* **Supplied information**
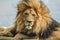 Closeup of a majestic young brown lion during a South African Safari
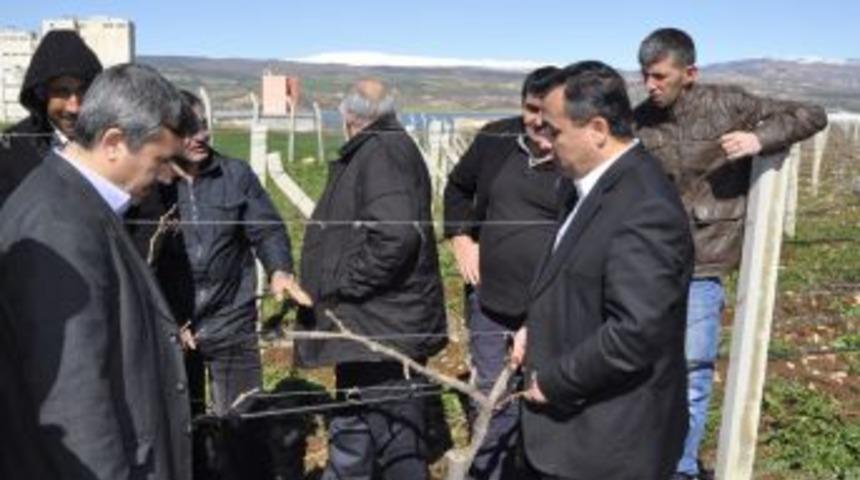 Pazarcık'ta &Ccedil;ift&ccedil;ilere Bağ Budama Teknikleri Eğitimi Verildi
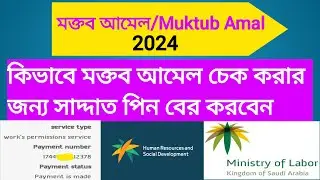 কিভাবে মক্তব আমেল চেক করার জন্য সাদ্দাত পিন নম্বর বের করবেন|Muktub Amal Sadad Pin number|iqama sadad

---

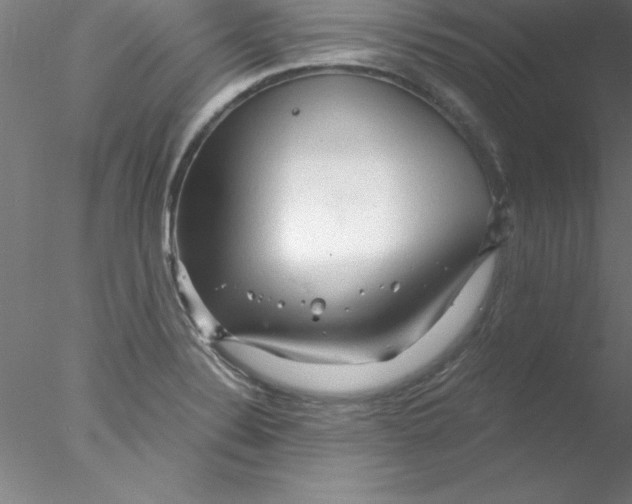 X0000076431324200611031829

* **What to work on**
Find the line with "Closeup of a" and the line with "কিভাবে মক্তব আমেল" in the records above. Copy both and all lines between them exactly, without pictures.

* **The answer**
 Closeup of a majestic young brown lion during a South African Safari
 Pazarcık'ta &Ccedil;ift&ccedil;ilere Bağ Budama Teknikleri Eğitimi Verildi
 কিভাবে মক্তব আমেল চেক করার জন্য সাদ্দাত পিন নম্বর বের করবেন|Muktub Amal Sadad Pin number|iqama sadad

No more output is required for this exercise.